Training and Test Datasets
The data used in the present research were from publicly available datasets and previously published studies. The linear regression models were fit to 183 studio portraits of neutral, frontal, white faces of men and women and their ratings on various social attributes from the Chicago Face Database (Ma et al., 2015). This database originally contained social attribute ratings for 597 portraits of neutral, frontal faces from four races (Asian, Black, Latino, and White); the other 414 of the 597 faces that are not white were excluded since the effect of race is beyond the scope of our current research. The database provides, for each face, ratings by human subjects on 15 social attributes (afraid, angry, attractive, baby-faced, disgusted, dominant, feminine, happy, masculine, prototypic, sad, surprised, threatening, trustworthy, and unusual) using a 1–7 Likert scale (1 = Not at all, 7 = Extremely). We excluded judgments of unusual because neither this social attribute nor its synonym or antonym was rated in any of the out-of-sample test datasets that we used. Thus, we fit 14 linear regression models, one for each of the remaining 14 social attributes. The design matrix for the linear regression had 183 rows. Each row represented one of the 183 face images in the training dataset and each column represented one of the features in the respective facial feature space that was considered (Fig. 1b).
The models were tested on five out-of-sample independent datasets that are publicly available (Lin et al., 2021; Oh et al., 2020; Oosterhof & Todorov, 2008; Walker et al., 2018; White et al., 2017). These test datasets were selected to sample social judgments from different types of faces, including studio portraits of frontal, neutral faces, computer-generated faces, and ambient photos of faces taken under unconstrained conditions. All faces in our training and test datasets were limited to white faces; the effects of race and context (e.g., image background and facial expression) are beyond the scope of our current study. Specifically, the Lin et al. (2021) dataset included ratings for 100 studio portraits of frontal, neutral, white faces (of which 60 were non-overlapping with the training dataset, i.e., 60 novel faces) on 100 social attributes. The Oh et al. (2020) dataset included ratings for 66 novel studio portraits of frontal, neutral, white faces on 14 social attributes. The Walker et al. (2018) dataset included ratings for 40 novel studio portraits of frontal, neutral, white faces on seven social attributes. The Oosterhof and Todorov (2008) dataset included ratings for 300 computer-generated frontal, neutral, white faces on nine social attributes. The White et al. (2017) dataset originally included ratings for 1224 ambient photos (12 images of each of the 102 individuals of various races) taken in real-world contexts downloaded from their Facebook accounts (varied in viewpoint, facial expression, background, illumination, etc.) on five social attributes.
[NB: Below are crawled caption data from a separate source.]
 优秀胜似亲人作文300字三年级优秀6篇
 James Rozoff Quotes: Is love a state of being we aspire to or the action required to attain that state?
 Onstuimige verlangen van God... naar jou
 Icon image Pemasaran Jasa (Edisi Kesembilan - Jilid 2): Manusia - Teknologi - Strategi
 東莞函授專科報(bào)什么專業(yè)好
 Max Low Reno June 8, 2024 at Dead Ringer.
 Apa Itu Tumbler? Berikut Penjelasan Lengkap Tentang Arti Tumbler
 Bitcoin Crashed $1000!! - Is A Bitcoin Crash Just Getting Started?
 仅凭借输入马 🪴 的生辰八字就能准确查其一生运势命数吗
We only used 504 photos of white individuals (12 images of each of the 42 individuals). Model training and testing were performed using ratings averaged across human subjects per face per social attribute.
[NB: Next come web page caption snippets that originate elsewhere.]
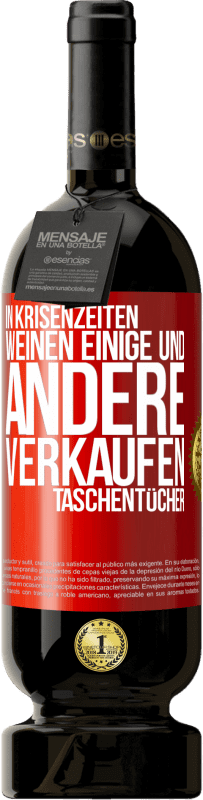 Kostenloser Versand | Rotwein Premium Ausgabe MBS® Reserve In Krisenzeiten weinen einige und andere verkaufen Taschentücher Rote Markierung. Anpassbares Etikett Reserve 12 Monate Ernte 2014 Tempranillo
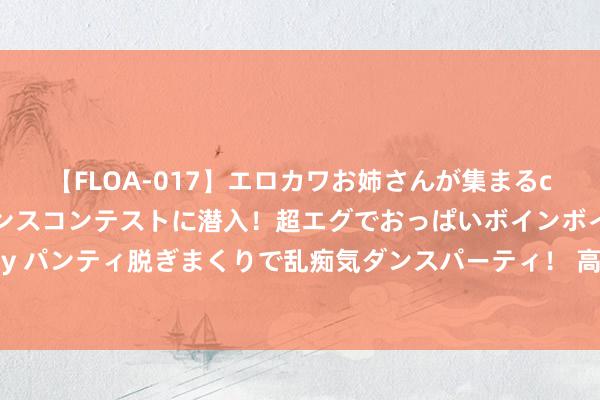 【FLOA-017】エロカワお姉さんが集まるclubのエロティックダンスコンテストに潜入！超エグでおっぱいボインボイン、汗だく全裸Body パンティ脱ぎまくりで乱痴気ダンスパーティ！ 高盛：臆测好意思联储9月运行聚拢三次降息25个基点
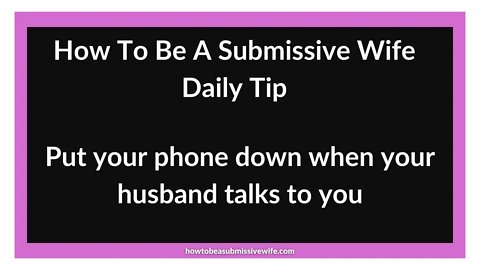 A submissive should remember to put her phone down when her husband speaks to her.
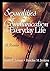 Sexualities and Communication in Everyday Life: A Reader by Jonathan Ned Katz (2006-08-03)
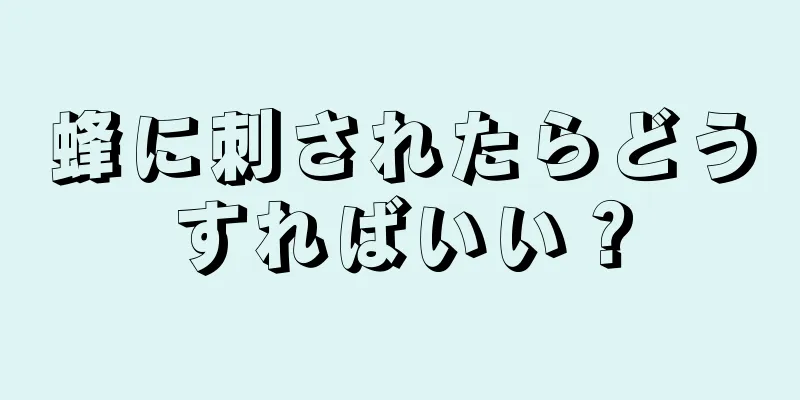 蜂に刺されたらどうすればいい？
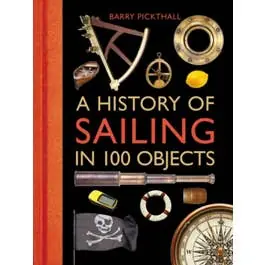 A History of Sailing in 100 Objects Dagaanbieding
To assess how well the linear regression models with different feature sets predicted social judgment from faces (see the first section of Results, “Generalizability Across Faces, Raters, and Social Attributes”), we fit a model for a social attribute on the Chicago Face Database and tested the model for the same or highly (dis)similar (synonyms/antonyms) social attribute on the out-of-sample test datasets. Ideally, we would fit a model for a social attribute and test the model for the same social attribute. However, the different test datasets generally measured judgments of different social attributes than the training dataset. Therefore, in the case where the same social attribute in the training dataset was not available in the test dataset, we used the synonym/antonym of the fitted social attribute in the test dataset (if available). Based on this rationale, we tested the models that were fit to the corresponding social attributes in the Chicago Face Database on nine social attributes in the Lin et al. (2021) dataset, four social attributes in the Oh et al. (2020) dataset, four social attributes in the Oosterhof and Todorov (2008) dataset, and three social attributes in the White et al. (2017) dataset.
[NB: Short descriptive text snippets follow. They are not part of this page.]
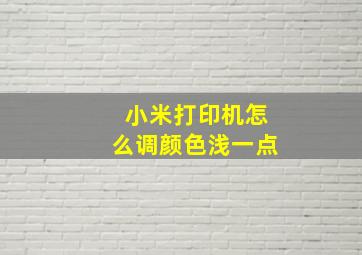 小米打印机怎么调颜色浅一点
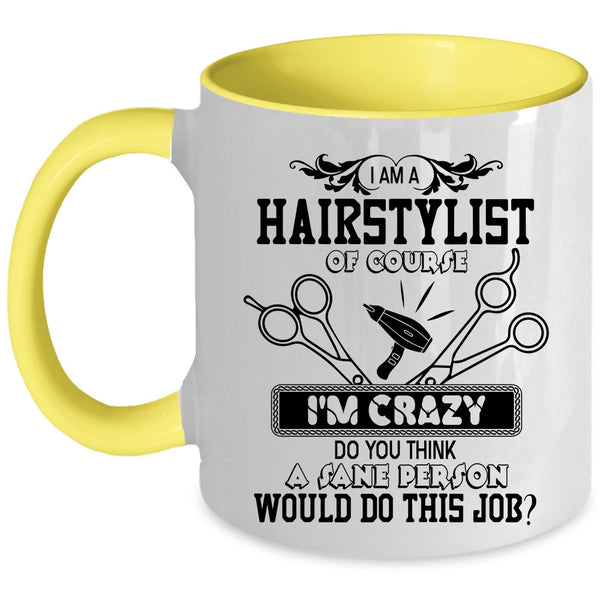 Crazy Hairstylist Coffee Mug, I Am A Hairstylist Accent Mug
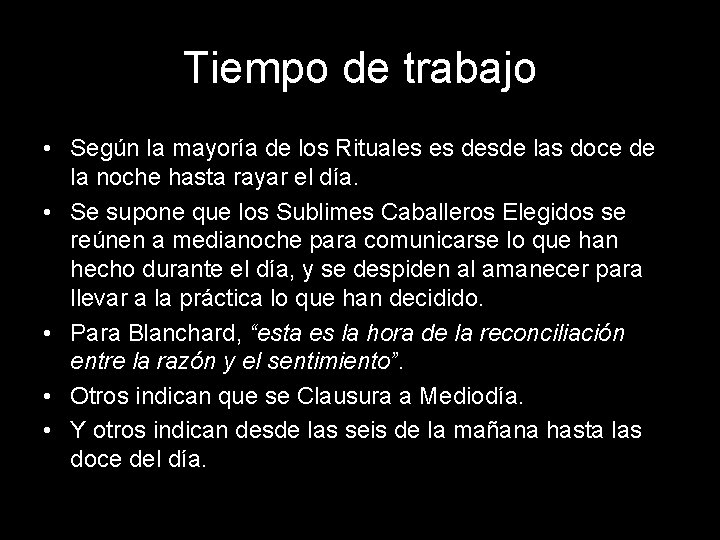 Tiempo de trabajo • Según la mayoría de los Rituales es desde las doce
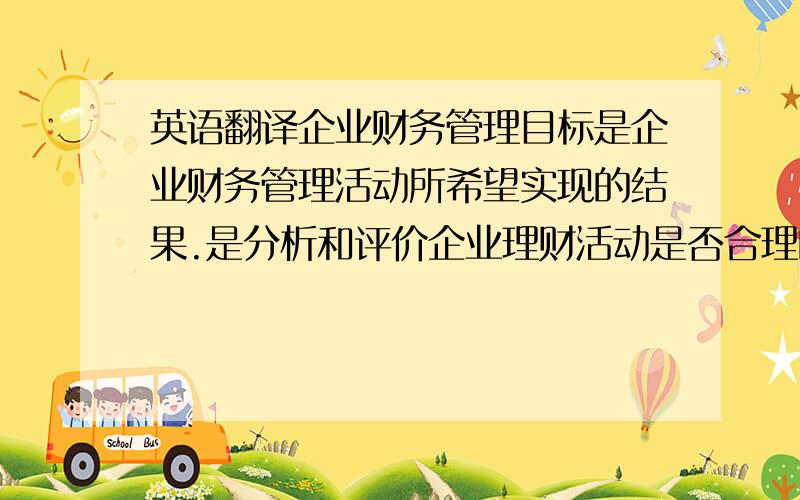 英语翻译企业财务管理目标是企业财务管理活动所希望实现的结果.是分析和评价企业理财活动是否合理的基本标准.对整个企业管理活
To assess how well a model fitted for a social attribute would predict other social attributes (i.e., the last section of Results, “Non-specific Predictions Across Social Attributes”), we did not require ratings on the exact same or highly (dis)similar social attribute between the training dataset and test datasets. Therefore, we fit a model for each of the 14 social attributes in the Chicago Face Database, and assessed how well the predicted ratings from these models correlated with the ratings in the test datasets on all available social attributes (except for the Lin et al. (2021) dataset, where ratings were measured for 100 social attributes; we only used a subset of 15 social attributes that are commonly studied in the literature).
DCNN-Identity Features
To extract identity features from face images, we used the dlib C + + machine learning library, which offers an open source implementation of face recognition with deep neural networks (King, 2009, 2017). The network’s final layer represents each face image with a vector of 128 features. The network had been originally trained to identify 7,485 face identities in a dataset of about three million faces with a loss function such that the two face images of the same identity were mapped closer to each other in the face space than the face images of two different identities. Built on a ResNet architecture with 29 convolutional layers, the network achieved an accuracy of 99.38% on the “Labeled Faces in the Wild” benchmark (King, 2009, 2017). We directly used the feature vectors from the last layer of the network, without tuning the network or its last layer specifically for social judgments from faces.
DCNN-Object Features
To extract object features from face images, we used the features obtained from the block5_conv2 layer of the VGG16 network because prior studies showed that features from this layer of the network successfully predicted social judgments from faces (Song et al., 2017). We also repeated our analyses with features from other layers of the network, which produced worse performance (Fig. S1); we therefore used the features from the block5_conv2 layer for subsequent analyses. To extract the object features from a face image, the face region of the image was first detected and segmented automatically using the histogram of oriented gradients-based face detector implemented in the dlib C + + library (King, 2009, 2017). Then the segmented image was presented to the VGG16 model implemented in the Keras deep learning library (Chollet, 2015) with weights pre-trained on the ImageNet dataset (Deng et al., 2009) for object recognition. The output of the block5_conv2 layer had a volume shape of 14 × 14 × 512, which was flattened into a 100,352-dimensional feature vector. Thus, the layer represented each face image with a vector of 100,352 features.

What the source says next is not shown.